* _Task requirements_
The answer consists solely of the lines running from the one with "Bento-Style Lunch Box" through the final line below, transcribed exactly and without any pictures.

* _Information provided_
=== Section Start ===

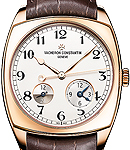 Harmony Dual Time Mens 40mm Automatic in Rose Gold On Brown Alligator Leather Strap with Silver Arabic Dial
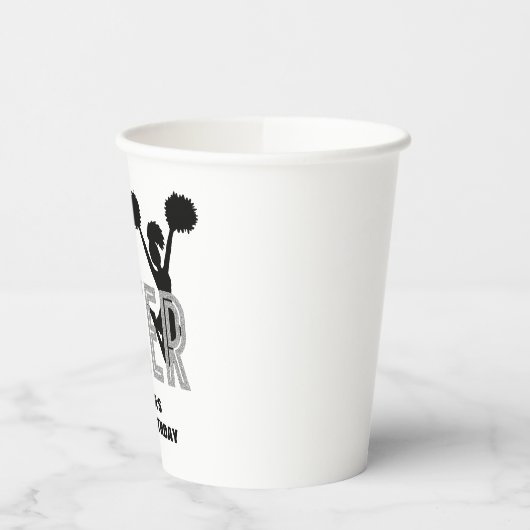 Cheerleading Zilver en Zwart Cheer Verjaardag Papieren Bekers (Links)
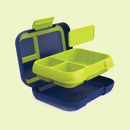 Bento-Style Lunch Box with Removable Divider - Navy Blue/Chartreuse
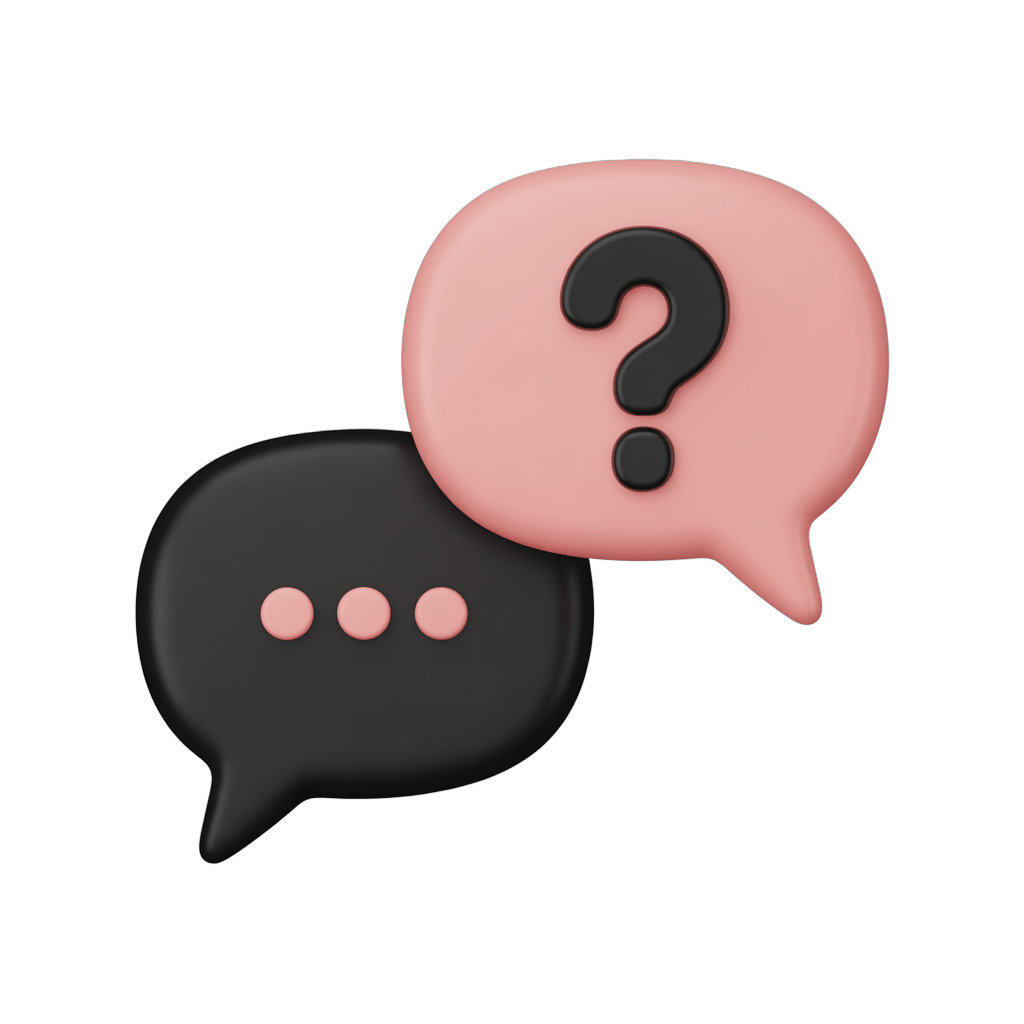 3d cartoon speech bubble icons with question mark and ellipsis for presentations and web design PNG - transparent background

=== Section End ===

* _Output of the task_
 Bento-Style Lunch Box with Removable Divider - Navy Blue/Chartreuse
 3d cartoon speech bubble icons with question mark and ellipsis for presentations and web design PNG - transparent background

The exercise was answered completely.